Instructions for the task:
Which lines of the material contain the word "ceiling"? Show each one.

Given data:
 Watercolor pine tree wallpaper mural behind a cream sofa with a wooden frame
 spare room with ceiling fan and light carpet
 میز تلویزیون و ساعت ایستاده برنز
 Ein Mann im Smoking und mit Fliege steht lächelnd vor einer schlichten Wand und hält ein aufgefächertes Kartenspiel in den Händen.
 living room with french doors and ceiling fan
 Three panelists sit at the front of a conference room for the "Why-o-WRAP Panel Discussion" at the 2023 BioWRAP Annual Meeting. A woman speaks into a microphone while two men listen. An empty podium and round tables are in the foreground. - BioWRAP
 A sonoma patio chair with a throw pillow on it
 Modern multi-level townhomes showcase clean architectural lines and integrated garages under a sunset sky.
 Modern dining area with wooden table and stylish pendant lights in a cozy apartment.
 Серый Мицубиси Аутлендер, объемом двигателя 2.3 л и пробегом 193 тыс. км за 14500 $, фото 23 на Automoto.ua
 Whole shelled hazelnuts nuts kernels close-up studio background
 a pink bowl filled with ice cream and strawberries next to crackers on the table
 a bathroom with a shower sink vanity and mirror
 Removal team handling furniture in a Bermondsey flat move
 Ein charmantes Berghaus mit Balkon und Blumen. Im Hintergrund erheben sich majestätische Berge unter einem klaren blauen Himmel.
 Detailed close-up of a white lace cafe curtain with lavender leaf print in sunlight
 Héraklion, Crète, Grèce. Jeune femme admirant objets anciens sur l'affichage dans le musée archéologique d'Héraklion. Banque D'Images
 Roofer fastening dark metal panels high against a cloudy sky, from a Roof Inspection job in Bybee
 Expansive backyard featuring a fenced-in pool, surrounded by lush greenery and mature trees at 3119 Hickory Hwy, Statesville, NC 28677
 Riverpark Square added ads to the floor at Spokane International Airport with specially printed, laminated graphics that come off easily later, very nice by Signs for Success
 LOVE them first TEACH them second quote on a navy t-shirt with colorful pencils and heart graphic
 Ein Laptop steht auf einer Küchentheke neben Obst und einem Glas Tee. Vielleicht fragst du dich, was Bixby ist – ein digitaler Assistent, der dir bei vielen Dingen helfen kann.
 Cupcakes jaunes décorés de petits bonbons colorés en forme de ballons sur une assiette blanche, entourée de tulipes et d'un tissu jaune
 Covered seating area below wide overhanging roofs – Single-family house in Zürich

Exercise result:
 spare room with ceiling fan and light carpet
 living room with french doors and ceiling fan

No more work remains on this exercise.